Mechanical strength of shells of selected extant articulate brachiopods: Implications for paleozoic morphologic trends

Abstract

Dried shells of Terebratalia transversa, Laqueus californianus, Hemithyris psittacea, and T. unguicula and alcohol‐soaked, tissue‐lined shells of Terebratulina retusa, Dallina septigera, Cryphus vitreus, and Liothyrella uva were crushed in an apparatus that facilitated measurement of the force (newtons) against the valves at the instant of fracture. The results revealed that the costate shells of T. transversa and T. retusa were the strongest. Force is correlated with valve thickness, but not with size (length).
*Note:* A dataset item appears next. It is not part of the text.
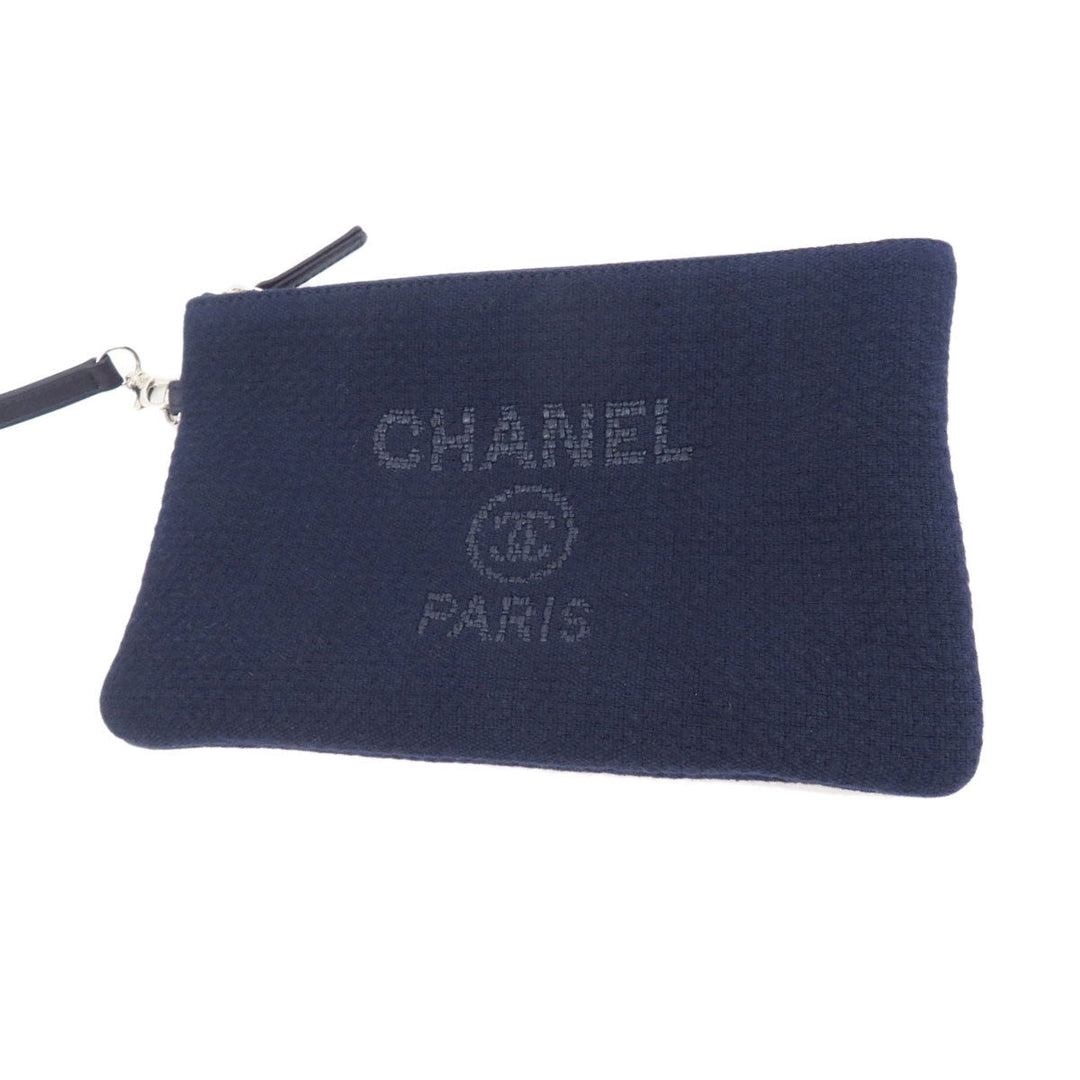 CHANEL Tote Bag canvas Navy Deauville COCO Mark SilverMetal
When normalized for valve thickness, the force required to fracture shells is correlated with shell biconvexity (height/length) among pooled species of dried specimens. Geniculate specimens of T. retusa were not stronger than the intraspecific variants with a constant radius of curvature to their valves. The percent‐frequency of plicate, spinose, lamellose and rugate genera increase significantly in the successive stages, Caradocian (Late Ordovician) through Famennian (Late Devonian) at the expense of smooth to costellate genera. The percent‐frequency of rectimarginate (central fold lacking) genera also decreases appreciably in this time frame. These morphologic trends, in combination with the experimental crushing data, support the hypothesis that selection favored species with such anti‐predatory adaptations during a time of escalation of shell‐crushing predators.